Set 5: Working with logical statements

Set 5.1: Basic logical operations

Is 56 greater than 7?
56 > 7
Is 110 is equal to 12?
  • Hint: When comparing equality of numbers, you MUST use two equals!! ==
110 == 12
Is 32 less than or equal to 88?
32 <= 88
Is 100 equal to -10 squared?
  • Hint: Remember your PEMDAS and don’t forget to use parentheses!! Otherwise, your answer will not be right.
100 == (-10)^2
Is 100 not equal to -55?
  • Hint: Check if values are not equal with the logical operator !=. Generally speaking, exclamation marks mean “not.”
100 != -55
Is 75 greater than 75?
75 > 75
Is 12 raised to the 4th power (remember your exponent symbol!) less than 13 raised to the 3rd power?
12^4 < 13^3



Set 5.2: Compound logical statements

In all previous questions in this section, you wrote single logical statements - you used a logical operator to evaluate if a single statement was TRUE or FALSE. This time, write a compound logical statement to ask if: 100 is equal to 100 and 66 is equal to 66.
  • Engage with the template code below to get you started, and then adapt to answer the current question.
  • Statements with “and” will only evaluate as TRUE if BOTH conditions are TRUE. Simply use an ampersand & to combine logical statements.
  • Once you’ve got that down, try changing the numbers to see how the logic evaluates to TRUE and FALSE to develop a comfort with &.
# This example code asks: is 1 equal to 1 and is 2 equal to 5?
1 == 1 & 2 == 5
# This is equivalent, but the parentheses are your choice!
(1 == 1) & (2 == 5)
100 == 100 & 66 == 66
Is 100 greater than 87 and is 66 less than 12?
100 > 87  & 66 < 12
Is 100 greater than 50 and is 100 less than 150?
  • Hint: Even though we might say out loud, “Is 100 greater than 50 and less than 150?”, we need to write the code much more explicitly as: is 100 greater than 50 AND is 100 less than 150? We must write the two comparisons to 100 separately.
100 > 50  & 100 < 150
Is 50 greater than or equal 35, and is 60 equal to -20?
50 >= 35 & 60 == -20
Is 17 less than 111, and is 18 greater than 4, and (yes, another and!) is 66 not equal to 67?
  • Hint: All you need is more &!
17 < 111 & 18 > 4 & 66 != 67



Set 5.2.5: Compound logical statements with “or”

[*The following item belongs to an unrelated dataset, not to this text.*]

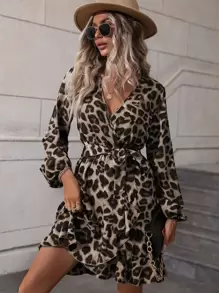 SHEIN LUNE Leopard Print Overlap Collar Bishop Sleeve Ruffle Hem Belted Dress Fall Cloth For Women - Khaki - View 3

In the previous questions, you used & to evaluate whether multiple statements were all TRUE. We can also use an operator for “or”, the pipe operator | (located above your Enter/Return Key! Press: Shift and \), to evaluate whether at least one statement is TRUE.

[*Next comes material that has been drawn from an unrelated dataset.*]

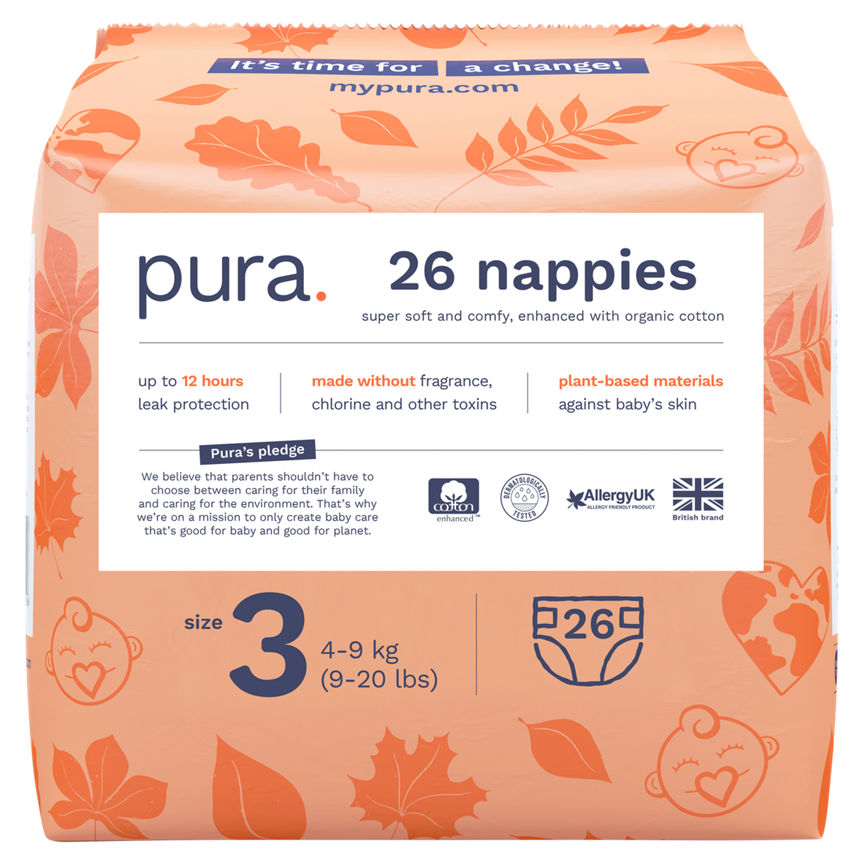 Pura 26 Nappies Size 3 4-9kg (9-20lbs) GOODS ASDA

  • Fair warning: Soon in the semester we will learn about a different symbol called pipe: %>%, which will be used more frequently in this class where we code in R. In the rest of the computing world, people think of | as the “default” pipe symbol.
Practice using | to ask: Is 100 greater than 87 or is 66 less than 12?
100 > 87  | 66 < 12
Is 100 greater than 50 or is 100 less than 150?
  • Hint: Again, Even though we might say out loud, “Is 100 greater than 50 and less than 150?”, we need to write the code much more explicitly as: is 100 greater than 50 AND is 100 less than 150? We must write the two comparisons to 100 separately.
100 > 50 | 100 < 150
Is 50 greater than or equal to 35, or is 60 equal to -20?
50 >= 35 | 60 == -20
Is 17 less than 111 and is 18 greater than 4, OR is 66 not equal to 67?
  • Hint: Use parentheses to split up the logic appropriately.
(17 < 111 & 18 > 4) | 66 != 67



Set 5.3: Working with variables and logical statements

For this section, you will perform logical comparisons on variables rather than directly on values. The goal of this activity is to get you into the habit of working preferentially with variables that stand in for values. This strategy makes your code cleaner and easier to work with.

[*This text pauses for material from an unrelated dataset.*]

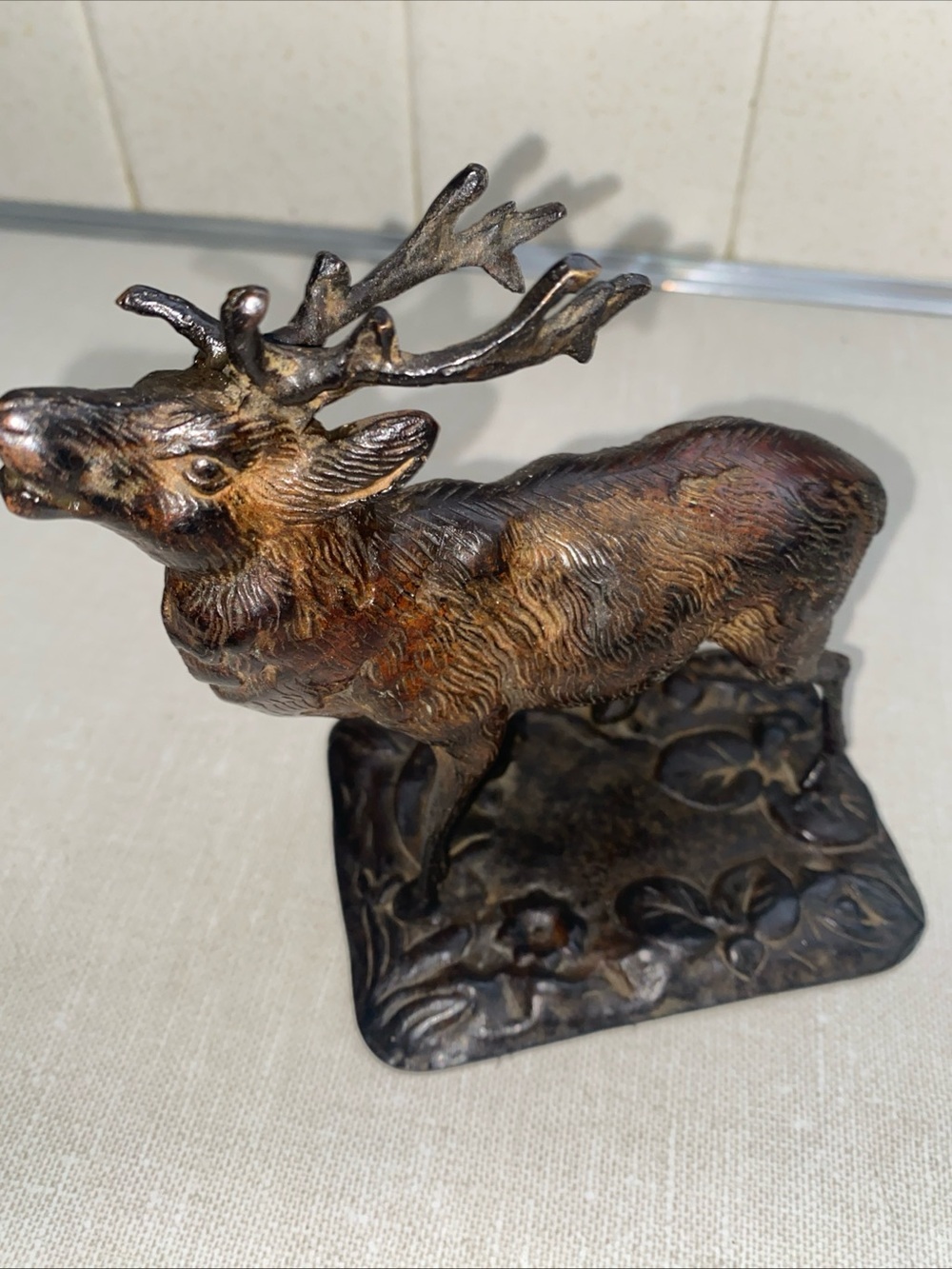 Vintage Bronze Elk Deer Stag Wild Life Sculpture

The first example is templated for you. Remember: Variables should always start with a letter can should only contain letters, numbers, and underscores.

Is 12 greater than -4? Again, this is templated for you. Engage with and run this code to understand what it’s doing.
# First we define variables
value1 <- 12
value2 <- -4

# Then we compare variables INSTEAD OF comparing values 12 and -4
value1 > value2
Is 7 is equal to 5.44?
value1 <- 7
value2 <- 5.44

value1 == value2
Is 18 greater than 5 and is 11 less than 100?
  • Hint: You need to define four variables here!
comp1_val1 <- 18
comp1_val2 <- 5

comp2_val1 <- 11
comp2_val2 <- 100

comp1_val1 > comp1_val2 & comp2_val1 < comp2_val2



Set 5.4: Logical statements and functions

In this section, you will continue practicing logical operations (asking if something is TRUE or FALSE) incorporating functions into your code. The first question is templated for you.

Is the square root of 25 equal to 5? Run and engage with this code as practice!
sqrt(25) == 5

# Or with improved coding style:
value1 <- sqrt(25)  
value2 <- 5
value1 == value2
As you’ve seen in these exercises, the function nchar() asks how many characters are in a string (how long is a string?). See this function in action below. Again, run and engage with this code below as practice!
nchar("hello")

hello_phrase <- "hi there!" # there are 9 characters in this string including space and !
# Note that the answer is 9 and NOT 12 (the number of characters in the variable)
nchar(hello_phrase)

# Does the number of characters equal 10? Nope!
nchar(hello_phrase) ==  10
Now, use this function as part of your code to answer: Does the string “blazing” have the same number of characters as “saddles”?
  • Hint: You want to compare nchar("blazing") to nchar("saddles") using a logical operator that asks if two things are equal: ==.
  • Hint 2: Your code should print TRUE if done correctly (they both have 7 letters).
  • Hint 3: This is not a hint, but a suggestion to definitely watch this movie if you’ve never seen it.
nchar("blazing") == nchar("saddles")

# Or with improved coding style:
nchar_blazing <- nchar("blazing")
nchar_saddles <- nchar("saddles")
nchar_blazing == nchar_saddles

# This approach also uses variables well:
blazing_str <- "blazing"
saddles_str <- "saddles"
nchar(blazing_str) == nchar(saddles_str)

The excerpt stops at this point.